- Assigned task -
Restate, exactly as written, the entries below from the line that holds "Modern good night" through the line that holds "Business Hours Logo QR Code Fensteraufkleber". Pictures are not part of the copy.
[Data provided]
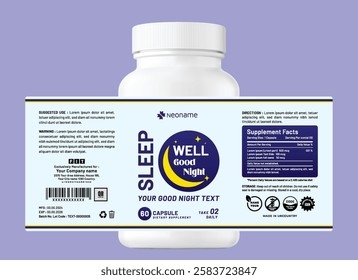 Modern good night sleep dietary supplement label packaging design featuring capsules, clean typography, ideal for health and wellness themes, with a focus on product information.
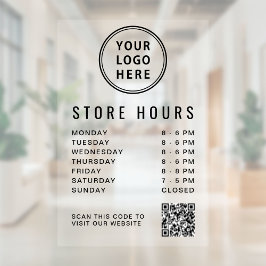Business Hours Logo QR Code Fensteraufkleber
[/Data provided]
[Data provided]
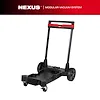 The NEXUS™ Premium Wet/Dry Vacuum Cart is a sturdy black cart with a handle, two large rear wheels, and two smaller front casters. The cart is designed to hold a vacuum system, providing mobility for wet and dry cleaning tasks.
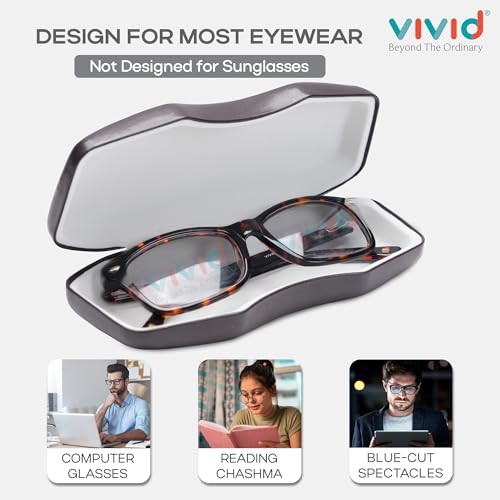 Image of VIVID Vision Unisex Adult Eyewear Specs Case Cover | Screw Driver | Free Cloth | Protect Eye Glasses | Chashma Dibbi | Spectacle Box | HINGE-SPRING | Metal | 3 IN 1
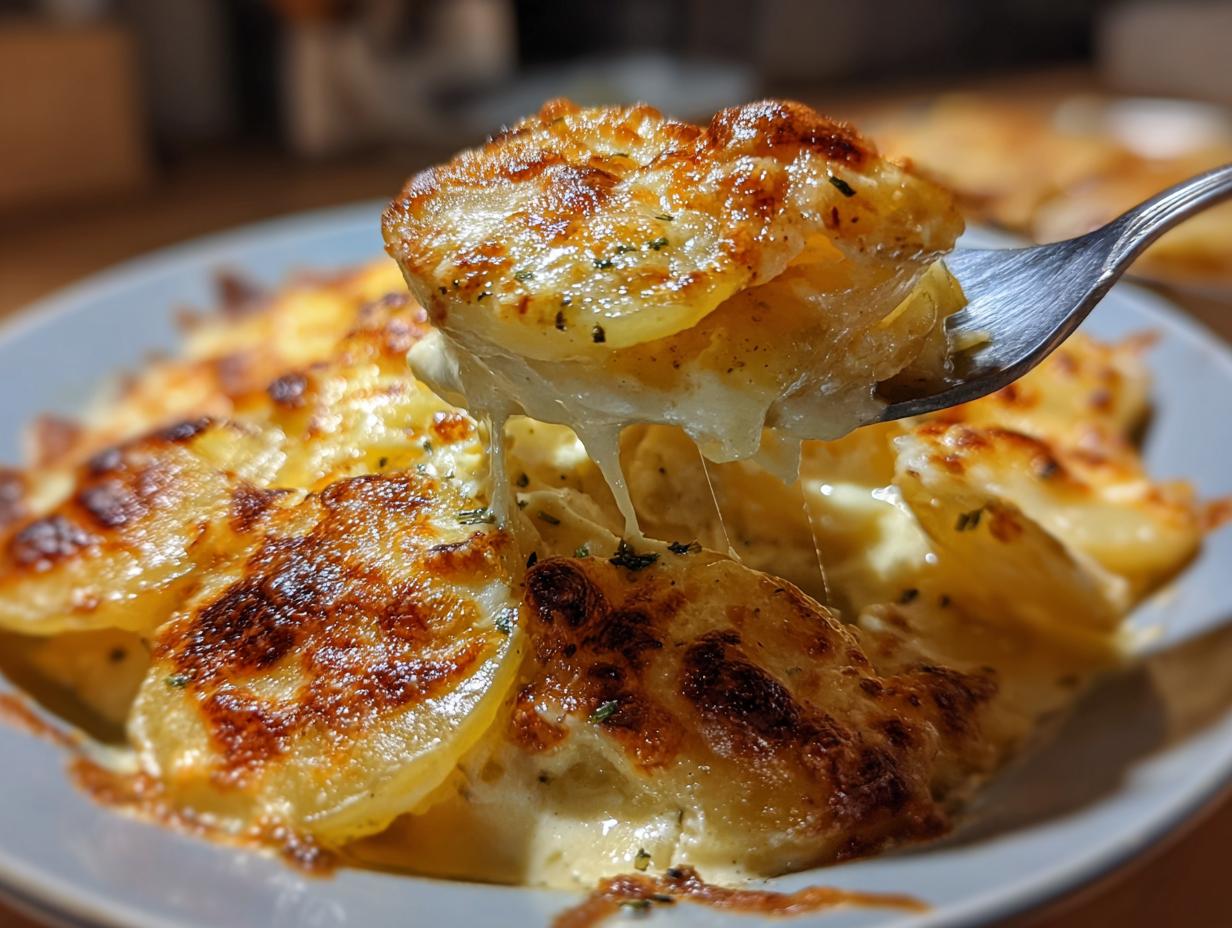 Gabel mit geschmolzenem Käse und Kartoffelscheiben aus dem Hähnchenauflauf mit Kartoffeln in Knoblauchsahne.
[/Data provided]
- Answer section -
 Modern good night sleep dietary supplement label packaging design featuring capsules, clean typography, ideal for health and wellness themes, with a focus on product information.
Business Hours Logo QR Code Fensteraufkleber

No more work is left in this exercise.